[Work item]:
In the listing below, locate the line with "Bên ngoài 2 YHA Bangkok Airport" and the line with "Image 24 of", then output both and everything between them exactly, minus any pictures.

[Stored data]:
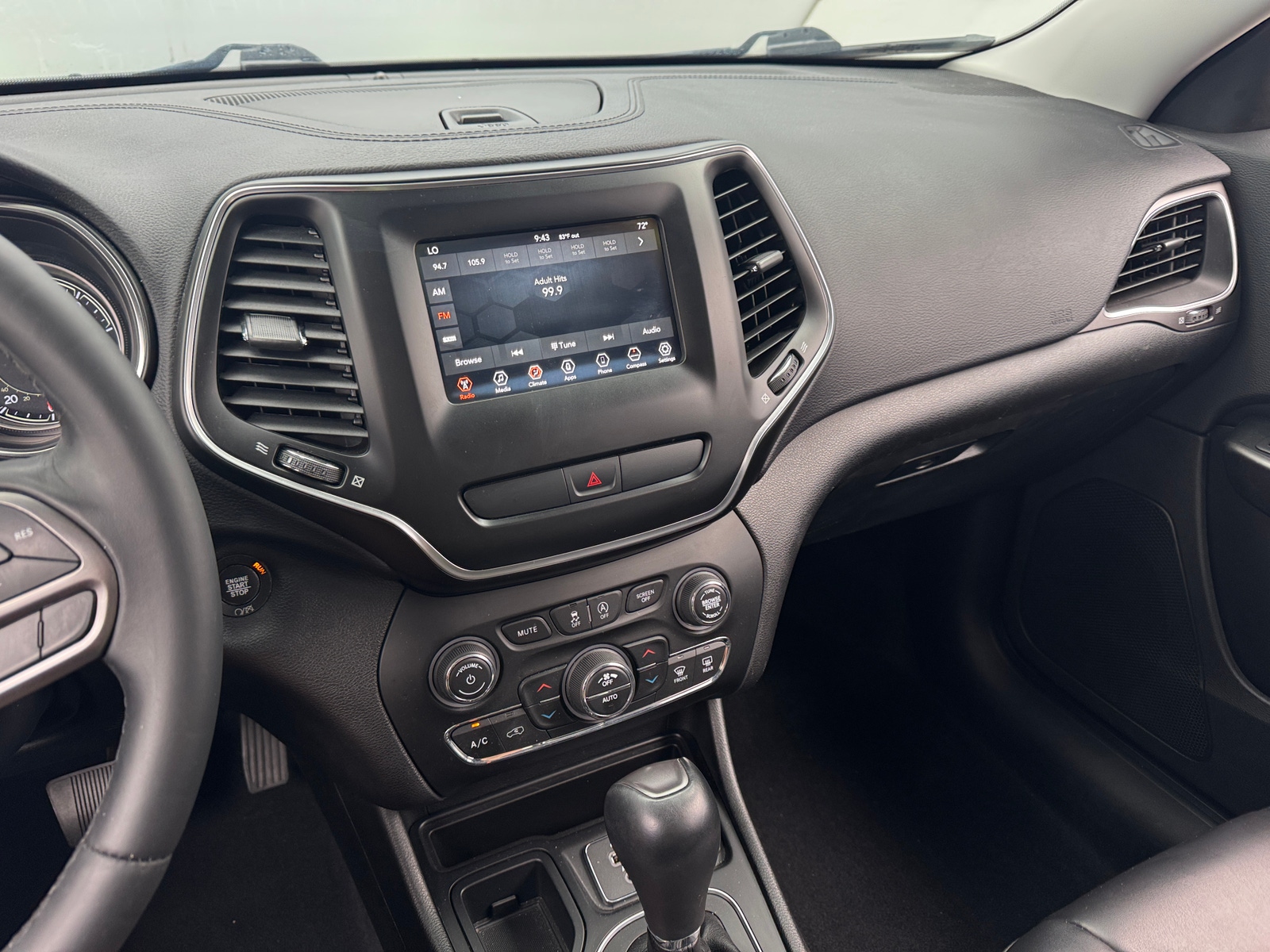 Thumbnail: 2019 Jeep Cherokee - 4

* * *

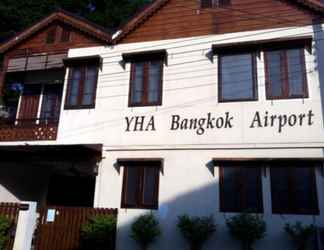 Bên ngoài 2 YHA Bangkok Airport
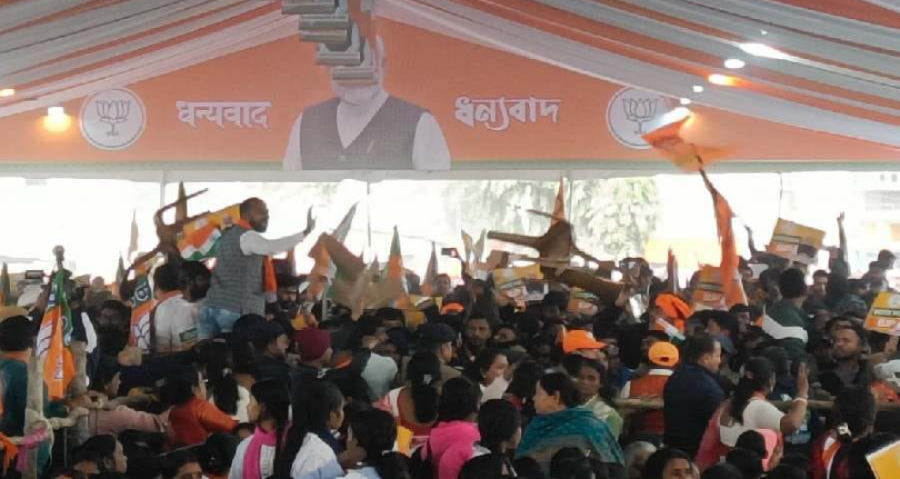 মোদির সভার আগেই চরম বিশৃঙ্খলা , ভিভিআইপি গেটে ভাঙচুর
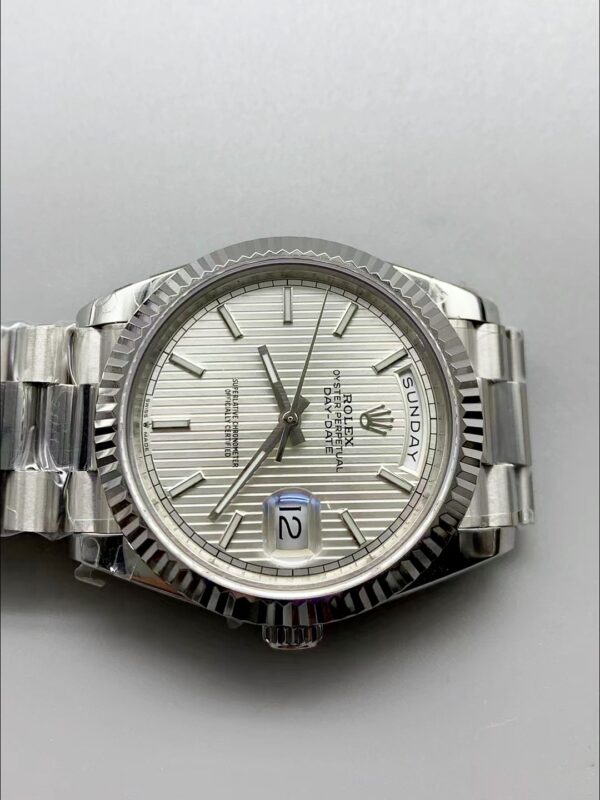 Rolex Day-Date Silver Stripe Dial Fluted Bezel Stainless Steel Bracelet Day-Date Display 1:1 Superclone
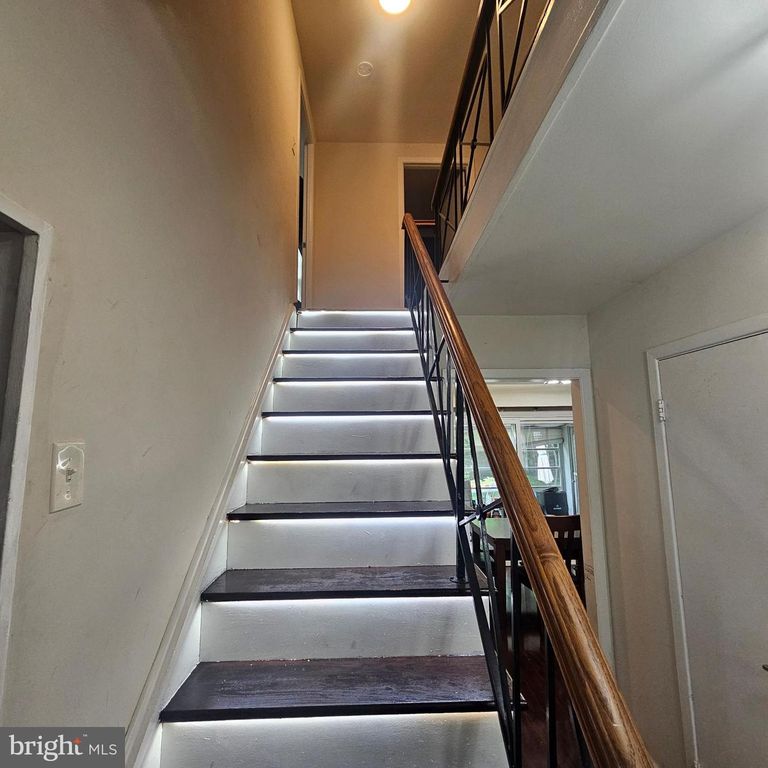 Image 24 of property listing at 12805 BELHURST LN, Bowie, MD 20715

[Exercise output]:
 Bên ngoài 2 YHA Bangkok Airport
 মোদির সভার আগেই চরম বিশৃঙ্খলা , ভিভিআইপি গেটে ভাঙচুর
 Rolex Day-Date Silver Stripe Dial Fluted Bezel Stainless Steel Bracelet Day-Date Display 1:1 Superclone
 Image 24 of property listing at 12805 BELHURST LN, Bowie, MD 20715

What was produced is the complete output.